I left Iran in 1977 in order to study at the age of 16.

When I arrived here it was all fine back home. Then, three years later, came the revolution.

My parents begged me to go back as they were not able to fund my studies through the black market, but I stayed in London.

I got jobs as a waitress or a cashier while I was studying for my university degree. It made me strong and I managed to pay for some university fees, room and board and I survived.

I had no idea people could apply for refugee status.

I was actually born in Iraq but at first my siblings and I could not go to normal Iraqi schools as we had Iranian documentation.

The Iranian Embassy in Baghdad had opened an Iranian school. We attended the Iranian school in Baghdad.
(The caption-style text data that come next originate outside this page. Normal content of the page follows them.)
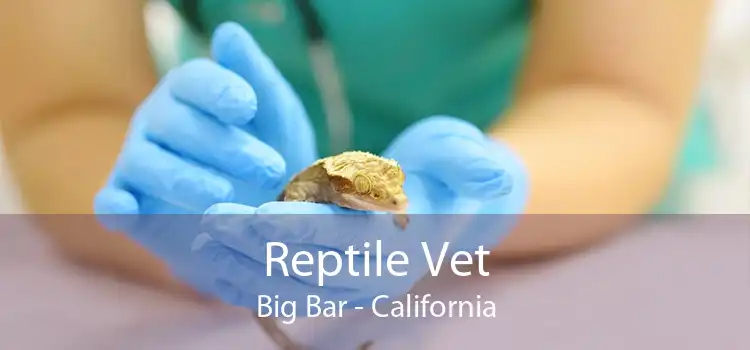 Reptile Vet Big Bar - California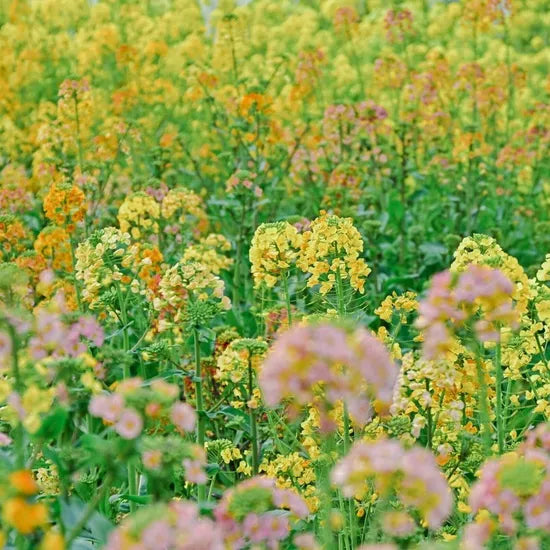 Brassica Campestris Excellent Nectar Plants And Oil Crops Annual Herb Flower – Heirloom, Non-GMO, High Germination Organic Garden Seeds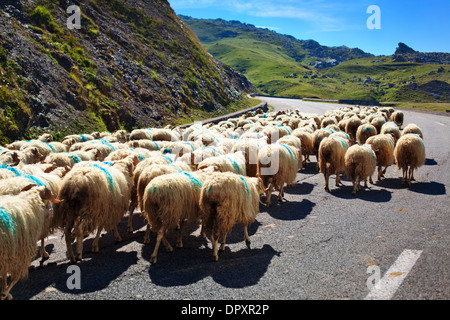 Pecore camminando sulla strada per automobili. Foto Stock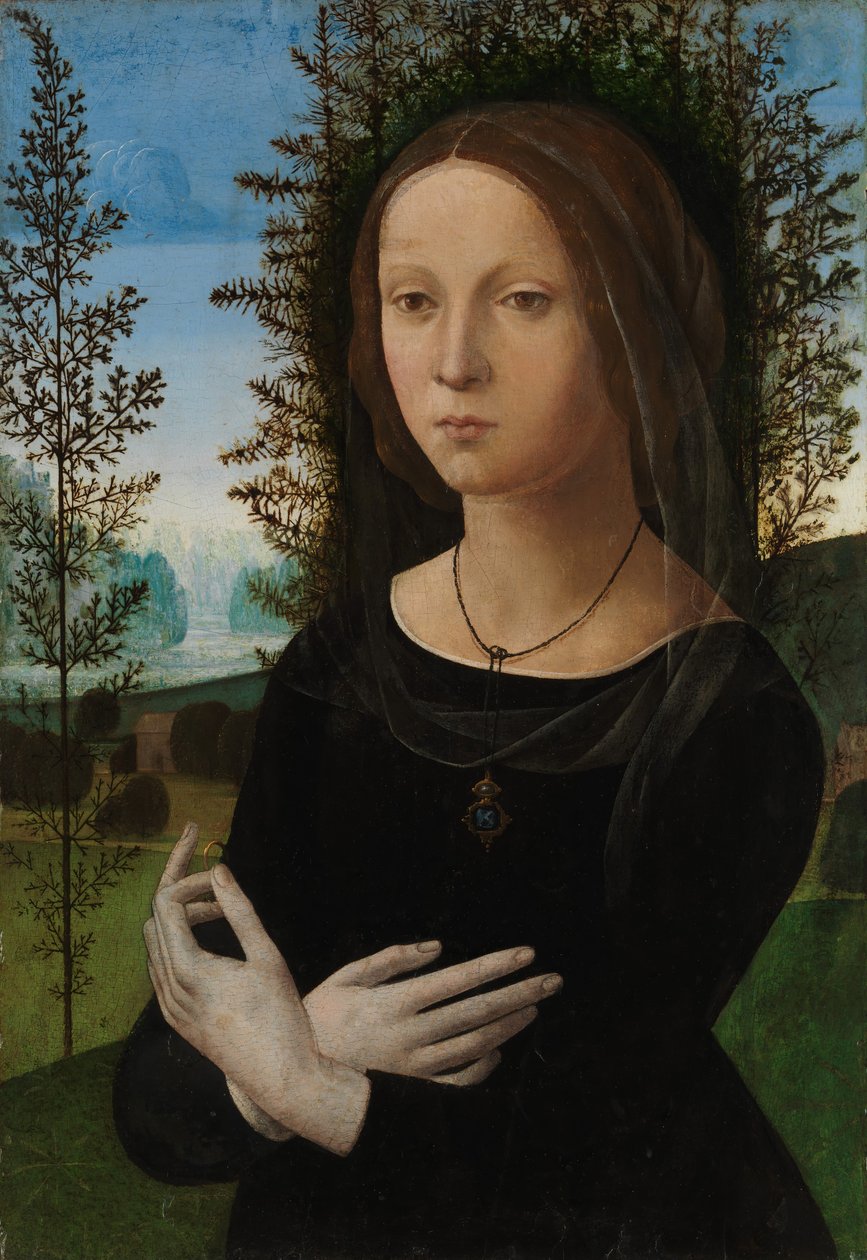 صورة لامرأة شابة ، كاليفورنيا. 1490-1500. بواسطة لورينزو دي كريدي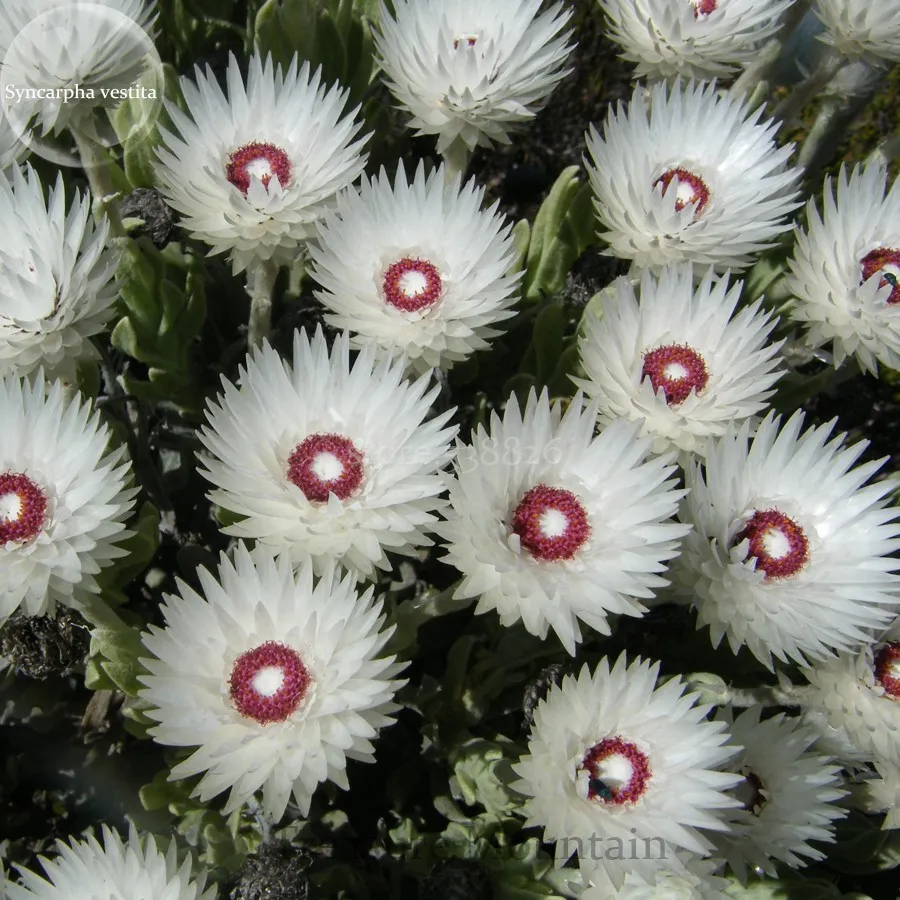 Fresh Syncarpha Vestita Cape Slow a Cluster of White Flower with Red Whi... - £13.44 GBP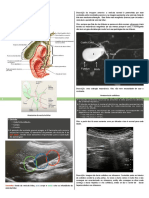 Resumo - Avaliação Radiológica Das Vias Biliares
The Iranian government paid for our books and uniforms. If there was any political trouble with the Shah, the Iraqis would stone our school.
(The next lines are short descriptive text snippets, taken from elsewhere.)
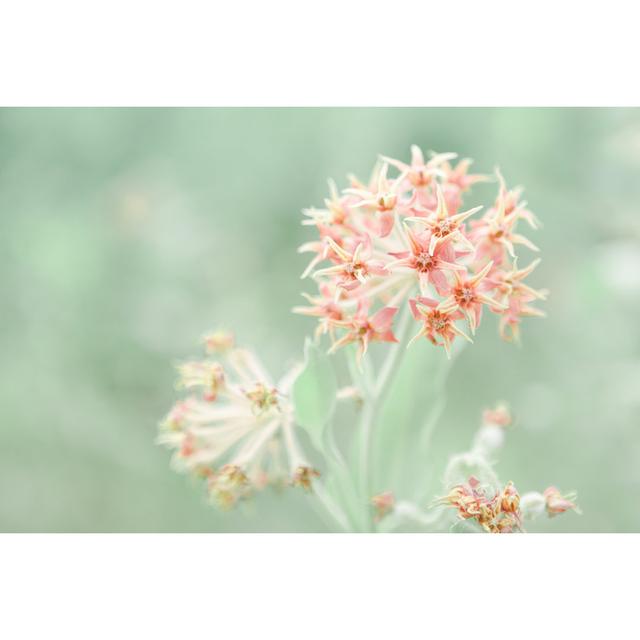 Milkweed Flower Bloom by Debibishop - No Frame Art Prints on Canvas 17 Stories Size: 20cm H x 30cm W on Productcaster.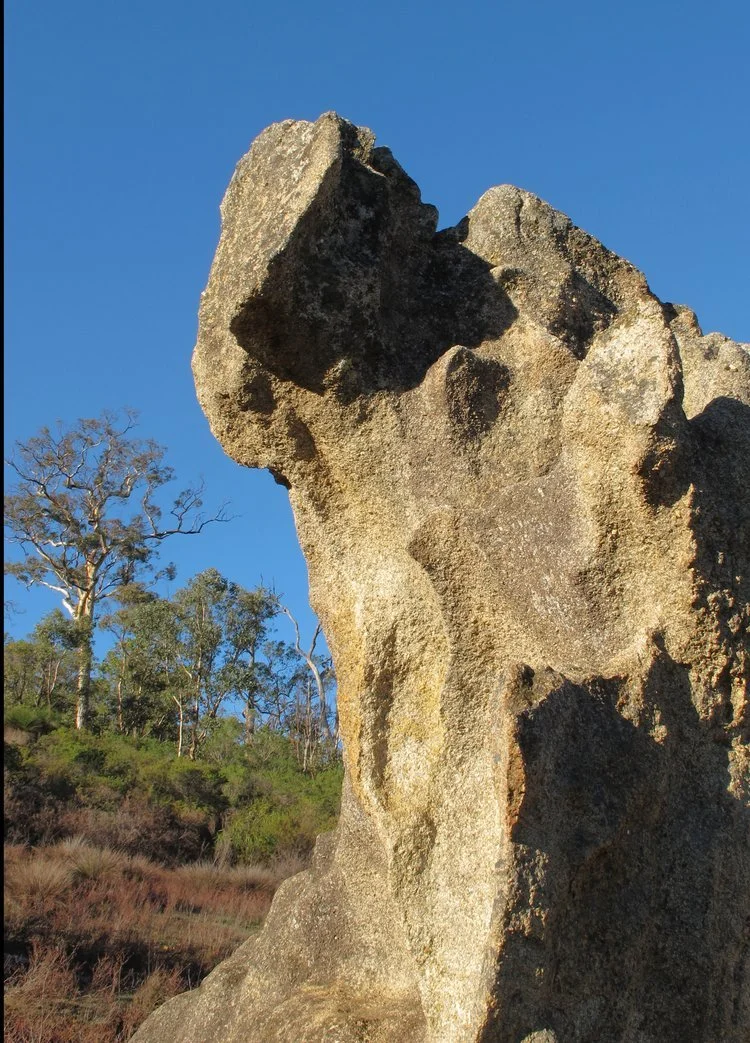 Rock, John Forrest National Park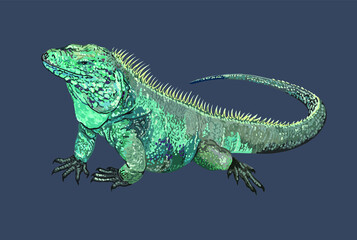 Grand caiman blue iguana, rare, beautiful pet, large, vegetarian, vector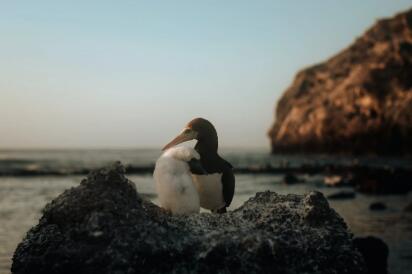 QQ截图20230701105509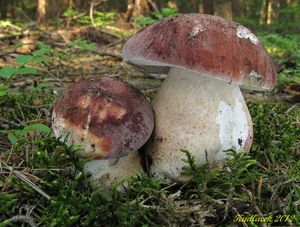 Klikni pro velký obrázek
As Iranians we faced prejudice in Iraq. My cousin was beaten to death simply for being Iranian.

So I am always reminding my daughter to be grateful for what we have, for one day you never know what will happen - just as in Iraq.

I have done the same for my daughter - I sent her to Iranian schools in London and she knows the language. She also goes to Iranian restaurants with her friends and I cook her Iranian meals.

We do not mix a lot with Iranians here, although there is a large community, but every Iranian New Year we go out. I clip articles about Iran from magazines for her to read, so she knows about her heritage.

Now, she wants to become a human rights lawyer.

She has also been to Iran and loves it, although she had to wear a headscarf. When we were there it kept slipping off her hair and I kept having to tell her: "Keep your scarf on!".

Feeling lost

Still, nowadays I feel lost somewhere between England, Iraq and Iran.

There is always the fear that we are living for today, especially with the current Islamphobia in Europe. Often now I do not say I am Iranian as I fear the reaction of people.

Unfortunately, people judge you from what they hear in the media, even though my character is more European than Iranian.

I would love one day to go back to Iran. I feel very homesick for my country and would like to do voluntary work or to teach if I can.